Reputation: 48490
Just to clarify the title, I have an XML document that looks like the following:
<group>
<starter>Start</starter>
<backup1>Backup1</backup1>
</group>
<group>
<starter>Another starter</starter>
<backup1>Backup1</backup1>
<backup2>Backup2</backup2>
<backup3>Backup3</backup3>
<reserve>Reserve</reserve>
</group>
So each group can have any number of <backupN>
tags. I need to make sure my XSLT grabs all of them and renames them to "backup_n". Normally my XSLT would apply something in line with the following:
<xsl:for-each select="group/backup">
and loop around that xpath selection. That clearly won't work as even if there is only 1 backup, it's still named <backup1>
and there can also be an arbitrary amount of <backupN>
tags.
What's the best way to loop around arbitrary tags like this?
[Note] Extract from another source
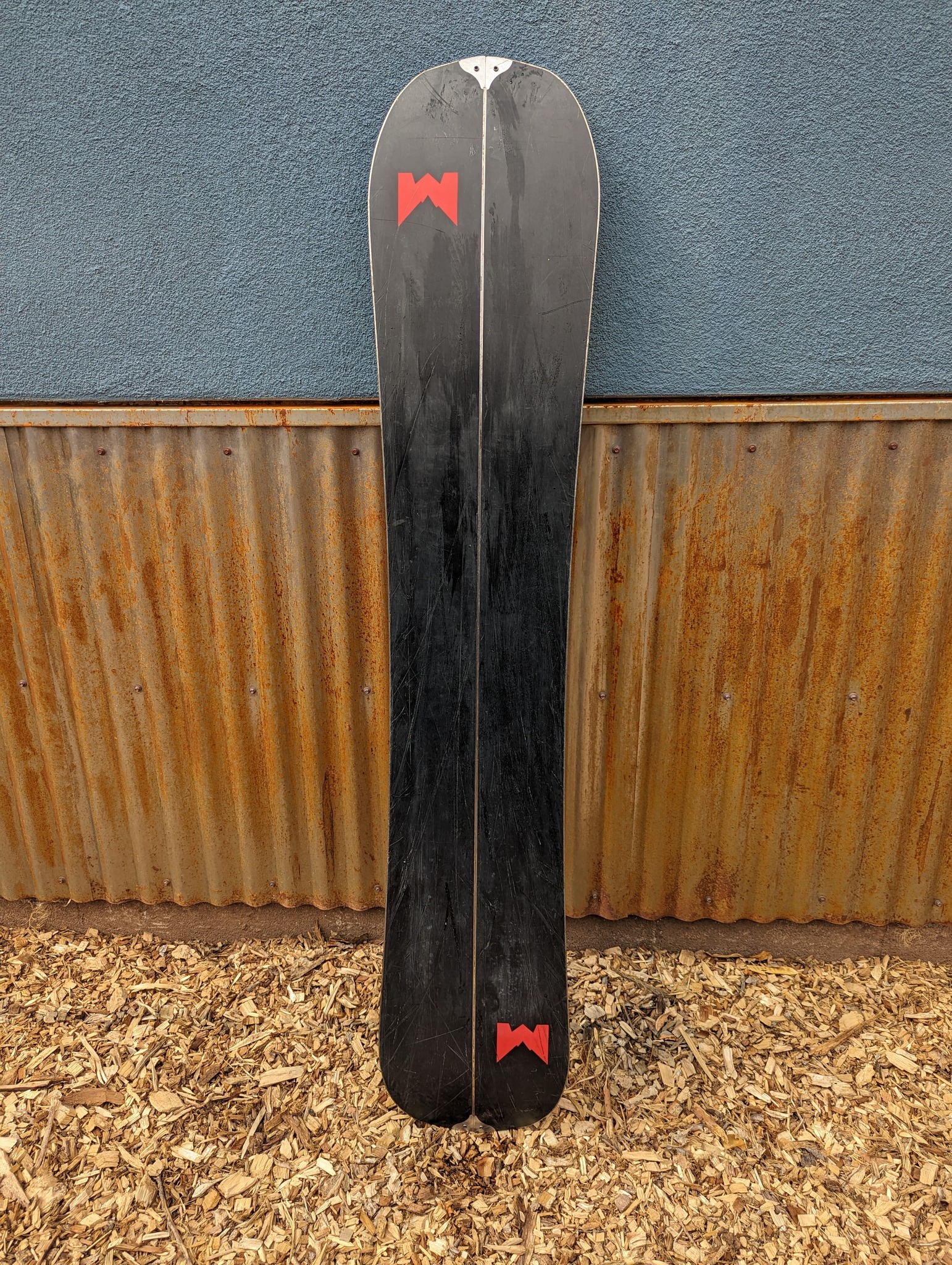 157W Weston Backwoods Splitboard w/ New Skins (less than 5 days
I am using XSLT 1.0, so can't really use any XSLT 2.0 greatness.
Upvotes: 2
Views: 111
Reputation: 122394
If you want all the elements whose name starts with backup
you can use
<xsl:for-each select="group/*[starts-with(local-name(), 'backup')]">
but depending on exactly what kind of output you're trying to produce it may be cleaner to do it in terms of template matching rather than for-each
.
If you specifically want to restrict to elements whose name is "backup" followed by a number (excluding things like backuptype
, for example) then you can add to the predicate
group/*[starts-with(local-name(), 'backup')
and number(substring(local-name(), 7)) = number(substring(local-name(), 7))]
(this looks odd but the trick is that if substring(local-name(), 7)
is not a valid number then the test becomes NaN = NaN
which is always false - NaN
does not equal anything, not even itself).